5. Traumatic Birth Injuries that Cause Cerebral Palsy:
A fetal-maternal hemorrhage is characterized by the loss of the baby’s blood cells into the maternal circulation. This type of hemorrhage takes place in normal pregnancies, as well as those in which trauma is related to a particular pregnancy complication. Normally the maternal circulation and the fetal circulation are kept from direct contact with each other, with gas and nutrient exchange taking place across a membrane in the placenta. Fetal-maternal hemorrhage occurs when this membrane ceases to function as a barrier and the baby’s cells come in contact with and enter the maternal vessels. Up to 30mL of fetal-maternal transfusion may take place with no significant signs or symptoms seen in either mother or fetus. Loss in excess of this may result in a significant loss of blood and oxygen to the baby’s brain, thereby causing cerebral palsy, or even death.
Causes of increased fetal-maternal hemorrhage can occur as a result of trauma or placental abruption. If ongoing and rapid hemorrhage is occurring, it is crucial that immediate delivery of the baby take place (if the baby is sufficiently developed). If the hemorrhage has occurred and then stopped, an in-utero transfusion of red cells to the fetus may be recommended to prevent further brain damage and cerebral palsy.
6. Traumatic Birth Injuries that Cause Cerebral Palsy:
Placental abruption occurs when the placenta separates from the uterus before the fetus is delivered. The placenta delivers oxygen and nutrients to the baby prior to birth. A placental abruption can induce extreme bleeding, which can cause shock (severe loss of blood to the mother and baby), which can cause brain damage and cerebral palsy, or even kill the unborn baby. The condition occurs in approximately one out of every 600 deliveries in the United States. If the placental attachment begins hemorrhaging and the bleeding cannot be controlled, a hysterectomy could be required after the baby is delivered. If diagnosis and treatment are delayed, the mother and baby face a great risk of death.
Physicians should check for conditions that raise the risk of a placental abruption. Mothers who have had a previous abruption are at risk of having another one. In about 50 percent of these instances, the mother suffers from high blood pressure. Older mothers are more likely to experience an abruption.
Placental abruption can be treated with blood transfusions and intravenous fluid replacement. The mother should be carefully monitored for symptoms of fetal distress and shock. The fetus’s heart rate should be electronically monitored to ensure it is neither too low nor too high, and to make sure contractions do not cause an abnormal fetal heart rate. Maternal bleeding or fetal distress may require an emergency C-section. Typically, to protect the mother and fetus, a C-section is the best option.
7. Traumatic Birth Injuries that Cause Cerebral Palsy:
When a baby remains in the womb beyond the natural due date, usually beyond 41 or 42 weeks, there is great potential for traumatic injuries.
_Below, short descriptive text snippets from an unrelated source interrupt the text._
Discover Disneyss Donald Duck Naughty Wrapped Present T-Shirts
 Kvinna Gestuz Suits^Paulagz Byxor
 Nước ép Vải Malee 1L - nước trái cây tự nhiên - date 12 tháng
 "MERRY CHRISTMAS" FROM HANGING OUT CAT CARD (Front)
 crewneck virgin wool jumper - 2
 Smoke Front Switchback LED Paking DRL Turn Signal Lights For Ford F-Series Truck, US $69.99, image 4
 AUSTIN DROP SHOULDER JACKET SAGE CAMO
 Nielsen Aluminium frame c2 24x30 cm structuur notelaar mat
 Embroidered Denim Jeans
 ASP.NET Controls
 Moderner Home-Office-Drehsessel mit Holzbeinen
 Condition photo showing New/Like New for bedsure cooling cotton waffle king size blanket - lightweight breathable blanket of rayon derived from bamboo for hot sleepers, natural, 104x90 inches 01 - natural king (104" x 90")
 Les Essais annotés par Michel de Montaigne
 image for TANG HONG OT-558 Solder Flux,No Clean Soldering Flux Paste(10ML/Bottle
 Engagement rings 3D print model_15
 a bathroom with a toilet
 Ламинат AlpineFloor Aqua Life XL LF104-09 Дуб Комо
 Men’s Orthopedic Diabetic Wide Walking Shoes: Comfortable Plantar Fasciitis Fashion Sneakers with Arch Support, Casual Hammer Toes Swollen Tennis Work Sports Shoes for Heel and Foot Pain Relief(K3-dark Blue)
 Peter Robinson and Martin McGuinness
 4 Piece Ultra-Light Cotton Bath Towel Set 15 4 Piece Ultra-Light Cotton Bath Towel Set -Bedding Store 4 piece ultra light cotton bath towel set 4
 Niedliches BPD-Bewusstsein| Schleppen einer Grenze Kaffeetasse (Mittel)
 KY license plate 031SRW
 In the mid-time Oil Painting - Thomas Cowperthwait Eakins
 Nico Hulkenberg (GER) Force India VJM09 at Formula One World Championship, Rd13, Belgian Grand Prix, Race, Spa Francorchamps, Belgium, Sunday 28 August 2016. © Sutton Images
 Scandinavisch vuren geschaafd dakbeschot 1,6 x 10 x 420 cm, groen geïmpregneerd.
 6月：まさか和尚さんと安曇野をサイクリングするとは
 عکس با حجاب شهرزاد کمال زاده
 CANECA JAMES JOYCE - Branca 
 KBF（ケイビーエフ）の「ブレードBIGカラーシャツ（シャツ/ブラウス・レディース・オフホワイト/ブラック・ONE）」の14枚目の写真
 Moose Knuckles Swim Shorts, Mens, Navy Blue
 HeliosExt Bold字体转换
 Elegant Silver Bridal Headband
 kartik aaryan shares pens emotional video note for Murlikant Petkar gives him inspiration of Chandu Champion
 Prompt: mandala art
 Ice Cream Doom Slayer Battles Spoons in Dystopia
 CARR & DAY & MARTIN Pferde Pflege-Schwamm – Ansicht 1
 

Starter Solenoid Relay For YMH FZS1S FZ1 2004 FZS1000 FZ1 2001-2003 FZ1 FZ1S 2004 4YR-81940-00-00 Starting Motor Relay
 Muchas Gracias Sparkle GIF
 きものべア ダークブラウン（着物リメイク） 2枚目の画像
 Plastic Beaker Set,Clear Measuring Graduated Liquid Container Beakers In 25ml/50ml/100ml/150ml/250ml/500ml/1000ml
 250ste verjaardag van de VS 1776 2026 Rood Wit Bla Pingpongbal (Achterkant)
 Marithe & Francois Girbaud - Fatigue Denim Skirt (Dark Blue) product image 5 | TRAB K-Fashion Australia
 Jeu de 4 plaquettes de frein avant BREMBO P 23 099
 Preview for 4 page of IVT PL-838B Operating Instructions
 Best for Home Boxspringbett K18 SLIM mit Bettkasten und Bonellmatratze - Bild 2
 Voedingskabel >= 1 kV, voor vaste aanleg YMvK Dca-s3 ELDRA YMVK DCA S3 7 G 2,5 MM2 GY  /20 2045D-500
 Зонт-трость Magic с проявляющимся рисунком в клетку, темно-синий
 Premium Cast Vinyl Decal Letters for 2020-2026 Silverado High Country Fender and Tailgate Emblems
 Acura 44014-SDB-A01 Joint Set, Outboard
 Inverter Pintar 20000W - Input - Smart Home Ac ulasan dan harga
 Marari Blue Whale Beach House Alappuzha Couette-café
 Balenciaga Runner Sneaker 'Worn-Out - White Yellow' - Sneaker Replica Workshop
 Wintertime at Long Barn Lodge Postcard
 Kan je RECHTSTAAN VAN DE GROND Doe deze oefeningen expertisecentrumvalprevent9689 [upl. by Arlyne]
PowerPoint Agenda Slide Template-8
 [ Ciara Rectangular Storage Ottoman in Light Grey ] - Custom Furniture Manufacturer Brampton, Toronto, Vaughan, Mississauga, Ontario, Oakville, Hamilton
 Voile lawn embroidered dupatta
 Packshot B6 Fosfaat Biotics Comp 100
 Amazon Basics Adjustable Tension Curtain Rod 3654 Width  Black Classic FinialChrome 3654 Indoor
In general, the longer a pregnancy continues after 40 weeks, the more risks there are to the baby, including cerebral palsy. Research suggests that due to the increase in fetal death and injury at 42 weeks and beyond, it is much safer to induce labor by about 40 or 41 weeks than to allow the pregnancy to continue.
There are numerous problems that may occur to the baby and mother if a pregnancy continues beyond the normal gestation period. While some problems resolve on their own, others are more serious and result in irreversible and lifelong disabilities, such as cerebral palsy. These include:
Postmaturity Syndrome: Occurring in roughly 20% of post-date pregnancies, this syndrome develops due to uteroplacental insufficiency which causes chronic stress, trauma and hypoxia in the baby, which can cause cerebral palsy. The baby has a unique appearance when born, including overgrown fingernails and hair, a long body with little fat, and wrinkled or dry, parchment-like skin. Postmaturity syndrome features a number of disorders:
- Uteroplacental insufficiency: The major risk to a baby comes from the fact that the placenta reaches its maximum size and surface area around 37 weeks. After 37 weeks, its surface area and function gradually deteriorate. This may mean that the placenta is less able to supply sufficient blood and oxygen to the baby. When the placenta is unable to supply sufficient oxygen, it poses an increased risk for hypoxic ischemic injury and cerebral palsy.
- Fetal Distress/Nonreassuring Fetal Assessment: If a baby is not responding well and is not being adequately oxygenated during delivery, fetal monitoring will be nonreassuring, indicating fetal distress. In post-term pregnancies, there is increased risk of fetal distress and trauma due to the higher incidence of cord compression. It is crucial that physicians pay close attention to fetal monitoring devices.
- Meconium aspiration/asphyxiation: Sometimes fetal stress and an older gestational age may induce a bowel movement by the baby while in the uterus. Meconium staining (the infant’s skin, umbilical cord, or nailbeds are stained green or yellow) may occur. This generally resolves on its own in time. However, in some cases, the baby will actually inhale (aspirate) the tainted amniotic fluid into its lungs. This may cause trauma to the airway, irritation, airway obstruction, infection, problems with normal lung expansion, HIE, and cerebral palsy.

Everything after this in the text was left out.